The ordinance would apply to sellers of up to 2,000 pounds of walnuts per year, shells included, which is what 25 to 30 trees can produce. They would need certificates with their name and address, the source and weight of the nuts, and other information.

The documentation would be more detailed than what the state already requires of anyone selling 25 or more pounds of a farm product. Violators could be fined up to $500 for a first offense and up to $1,000 for a repeat.

The ordinance would apply to sales by gleaners – people who have the grower’s permission to gather nuts that remain in the orchard after the main harvest.

A county survey found that 46 percent of walnut growers have seen evidence of theft.
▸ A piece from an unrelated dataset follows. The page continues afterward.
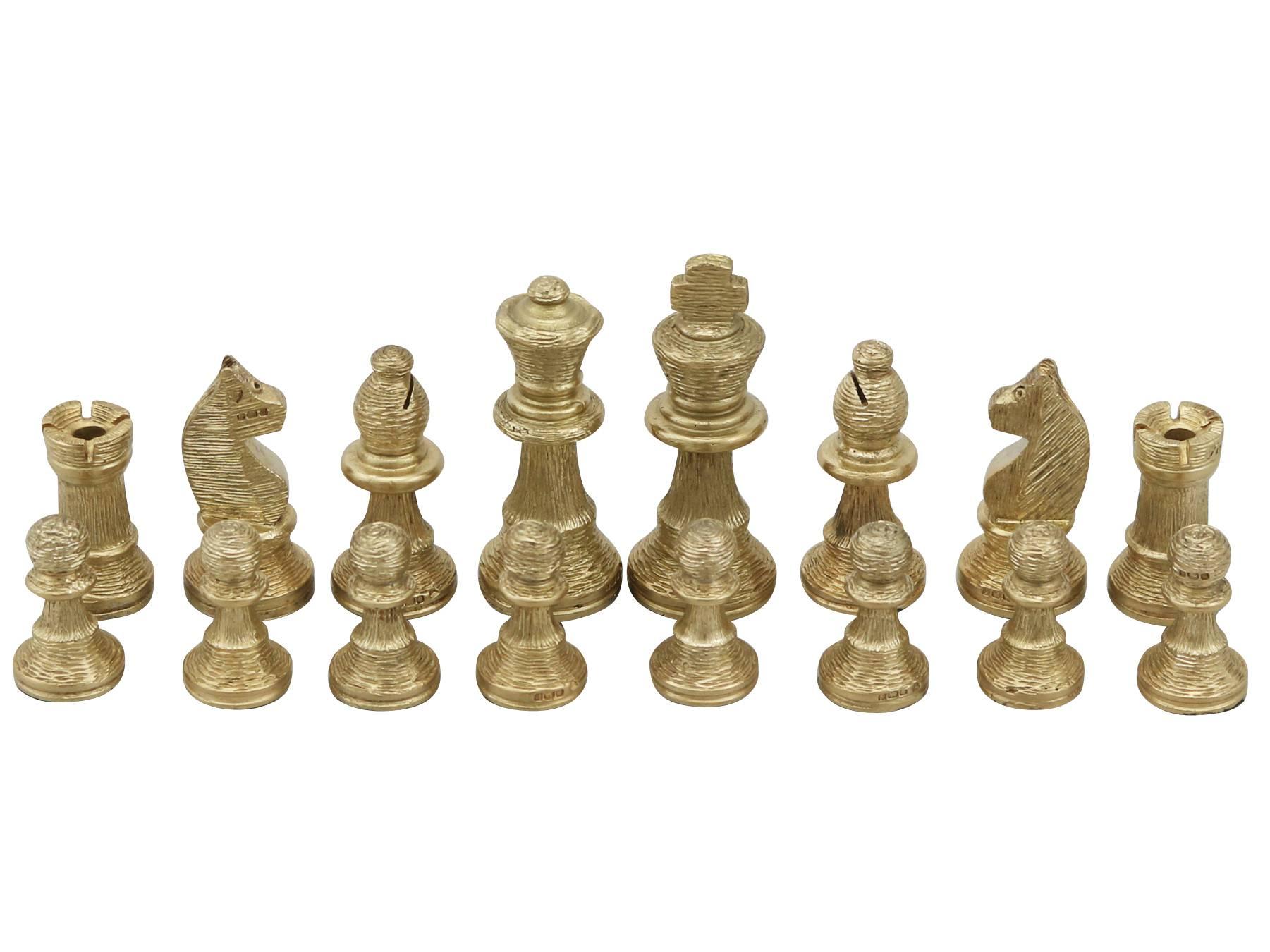 An exceptional, fine and impressive vintage Elizabeth II sterling silver and silver gilt chess set; an addition to our diverse ornamental silverware collection

This exceptional vintage cast sterling silver chess set is comprised of 32 chess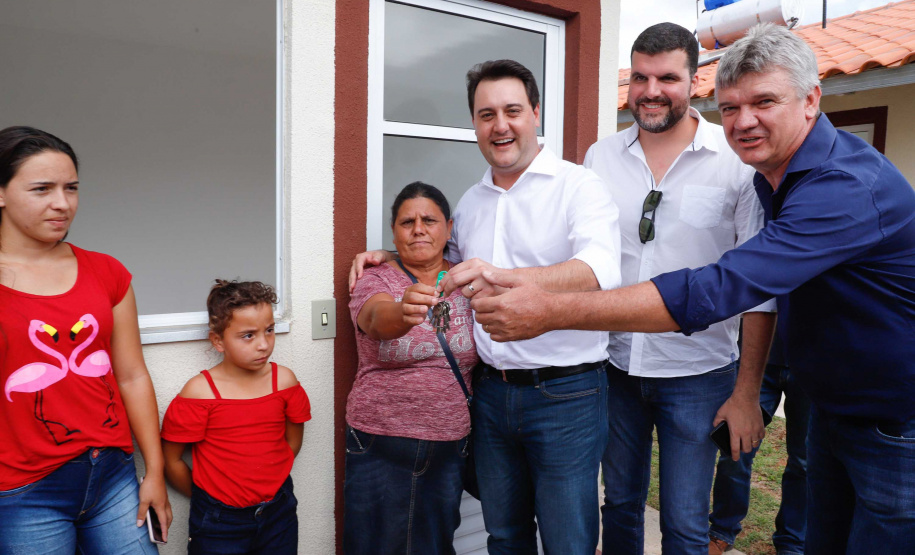 O governador Carlos Massa Ratinho Junior entrega  200 casas a famílias de Jaguariaíva.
The ordinance was drafted with the help of growers and processors, law enforcement and the Stanislaus County Agricultural Advisory Board.

Stanislaus is third among California counties in walnut production, with an estimated $213.6 million in gross income to growers in 2012. San Joaquin County is first, Butte second.

The industry has boomed thanks to a positive health message, much like almonds, which are not as vulnerable to theft. Similar laws on walnuts have been adopted in Tehama, Butte, Glenn, Kings and Tulare counties.

The effort is separate from the steps the industry has taken against large-scale theft of processed walnuts from plants.